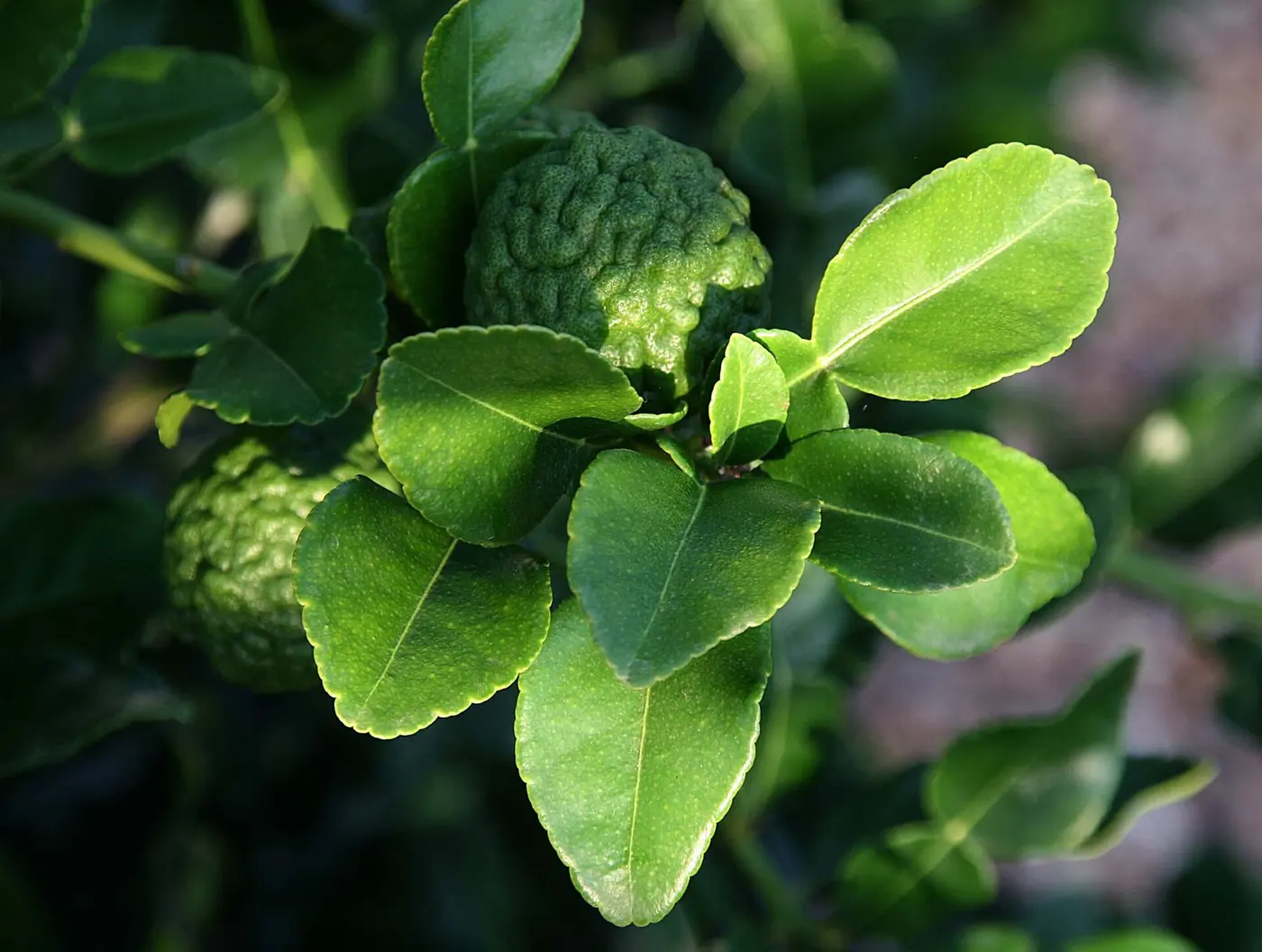 Makrut Lime Leaves Makrut lime fruit and leaves, bai makrut, Thai ingredient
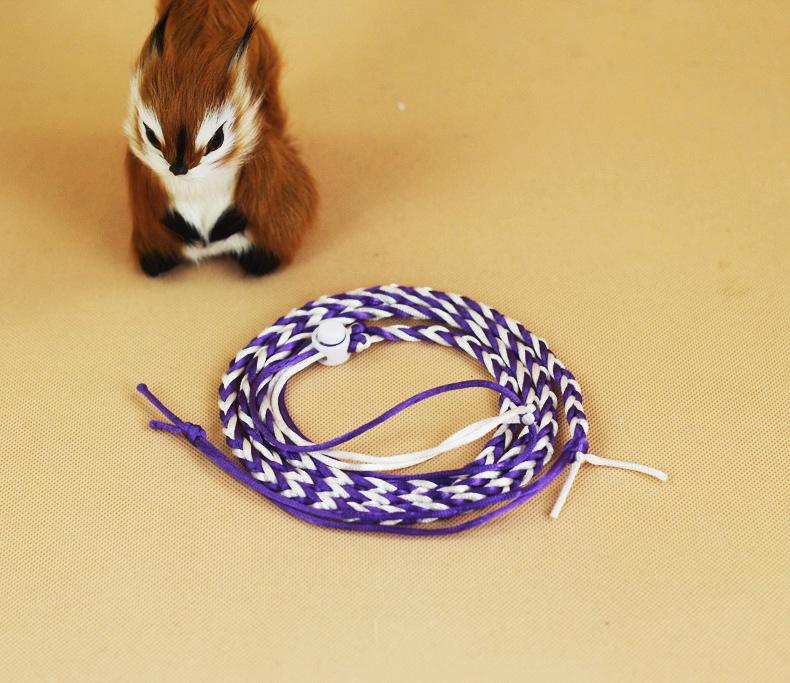 Поводок для домашних животных Поводок для ходьбы на тяговом канате 1,4/2 м Хомяк Морская свинка Кобая Кролики Хорьки Шиншиллы Маленький ошейник Поводок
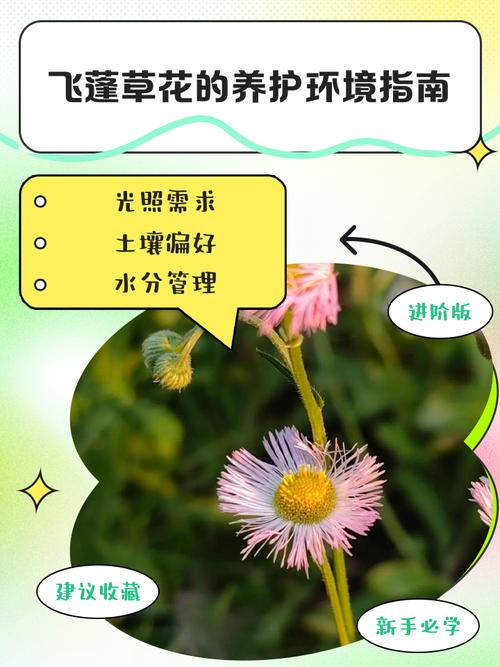 草花养护技术有哪些关键要点?-图1 草花养护技术有哪些关键要点?-图1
________
• Instructions to follow:
Copy out all the data above exactly, minus the images.

• Output of the task:
 Makrut Lime Leaves Makrut lime fruit and leaves, bai makrut, Thai ingredient
 Поводок для домашних животных Поводок для ходьбы на тяговом канате 1,4/2 м Хомяк Морская свинка Кобая Кролики Хорьки Шиншиллы Маленький ошейник Поводок
 草花养护技术有哪些关键要点?-图1 草花养护技术有哪些关键要点?-图1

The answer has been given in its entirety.